[nextpage title=”Introduction”]
AMD is announcing today its new ATI Radeon HD 2000 Series. This is the first series from AMD/ATI featuring DirectX 10 and five desktop models were announced: Radeon HD 2900 XT for the high-end market (previously known by its codename, R600), Radeon HD 2600 Pro and XT for the mid-range market and Radeon 2400 Pro and XT for the low-end market. While Radeon HD 2900 XT can be found on the market starting today, the other models are just “paper launches”, as they will be released by the end of June, with no specific date set yet.
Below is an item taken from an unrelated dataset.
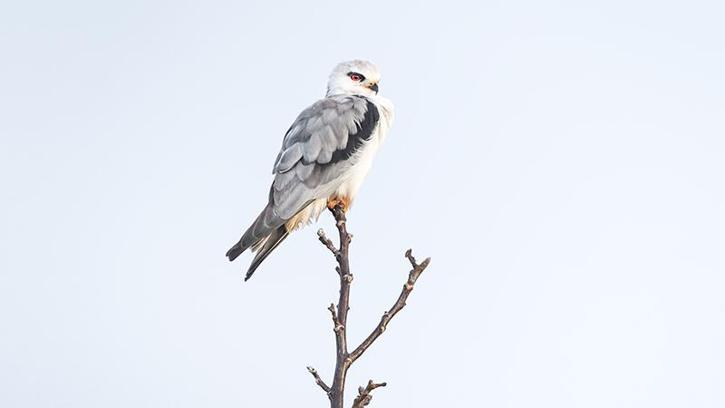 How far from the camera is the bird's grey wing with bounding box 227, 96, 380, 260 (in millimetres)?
6320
In this article we will explore the details of the new architecture brought by this new series.
It is very important to note that several architecture improvements that are being announced by AMD and by other media refers only to Radeon HD 2900 XT, not being valid for the other two families, HD 2600 and HD 2400.
For a better understanding and comparison with previous technologies, we recommend you to read other two articles, ATI Radeon X1000 Series and GeForce 8 Series Architecture.
Here is a summary on what is new on this family. On the following pages we will talk specifically about the architecture used on each family.
- Shader 4.0 model (DirectX 10). Click here to understand what is new on this new programming model.
- Because it is based on Shader 4.0, it uses a unified shader architecture, where instead of having separated processing units for pixel shader, vertex shader, physics and geometry, it has several “generic” processing units (also called “stream processors”) that can handle any kind of processing. These processors run at the same clock rate as the chip (on GeForce 8 series they run at a different clock rate, higher than the rest of the chip).
- 128-bit HDR (High Dynamic Range). Radeon X1000 series only supported 64-bit HDR. Competing chips from NVIDIA use 128-bit HDR since GeForce 7 series.
- New generation of Avivo – dubbed Avivo HD –, the 2D enhancements from AMD/ATI, featuring HDMI support built-in the graphics chip – i.e., without using an external chip. With an adapter any DVI connector on HD 2000 series-based boards can be transformed into a HDMI connector supporting digital audio output, feature not present on any other video card on the market to date.
- New anti-aliasing mode called Custom Filer Anti-Aliasing or simply CFAA, available up to 24x, competing with Coverage Sample Anti-Aliasing (CSAA) available on GeForce 8 series from NVIDIA.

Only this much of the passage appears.